All of those steps combined with the company’s foundation of growth and success to result in Zingerman’s being named “Company of the Year” at the 6th annual Deals of the Year awards presented by Business Review.
With the effort to expand its namesake deli on Detroit Street on the edge of Kerrytown, the company returned to a vision from a few years earlier, when another version was submitted to city officials, who did not allow the demolition of adjacent historic houses.
Melanie Maxwell | AnnArbor.com
This time, Zingerman’s retooled its plans to make it more palatable to historic preservation efforts. But it also allows the business to significantly expand, with a goal of adding 65 employees after the work is done.
Zingerman’s received city approvals in early fall, then it was awarded a $6.7 million brownfield tax credit from the state in October. Both clear the way for the work to begin in 2011.
Now new construction will replace a fire-damaged home on the Kingsley side of the Zingerman’s corner at Detroit Street. The new space will include kitchens, bathrooms, dining space and an elevator. Moving work space from the deli will allow renovations in that building to increase restaurant area, and retail space also would be expanded. Outdoor dining areas will be improved, too, and a second historic structure affected by the expansion will be preserved.
Just as significantly, the new construction will allow the business to continue to grow but in the Zingerman’s footprint: With deliberate, team-supported change that preserves the essence of the company.
By pursuing the new construction, Zingerman’s told Ann Arbor that it wanted to commit to the city where the deli has made its home for nearly 30 years.

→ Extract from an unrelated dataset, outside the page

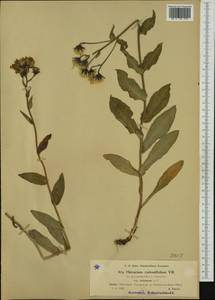 Hieracium cydoniifolium subsp. cottianum (Arv.-Touv.) Zahn, Western Europe (EUR) (France)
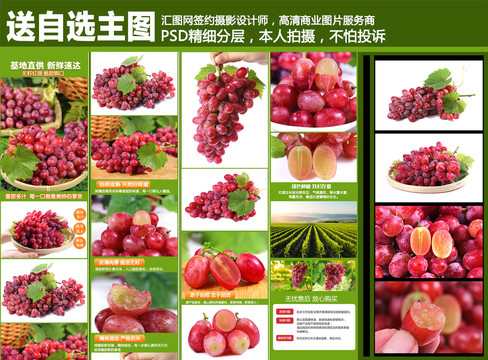 紅提詳情頁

But it also told Ann Arbor that it’s not content to be static in that long-time home. The company has a vision for positive change for its business, and by extension, for Ann Arbor.
“We just really want to develop an efficient and well-designed and unified plan that's going to take us over the next 25 to 50 years," Grace Singleton, one of the company’s managing partners, told city planning officials this summer.
Beyond the deli, the principles driving Zingerman’s provide a backdrop of success to the company - and a roadmap for other businesses. Key to that is the respect and investment in locally driven commerce. It’s a message that resonates in Ann Arbor and also, via Zingerman’s, makes this area stronger.
As Zingerman’s co-founder Paul Saginaw says as part of his role as vice chair of the national Business Alliance for Local Living Economies, “We want to help create and energize local economies throughout the country, believing that the solutions to a better economic system is one based on local economies.”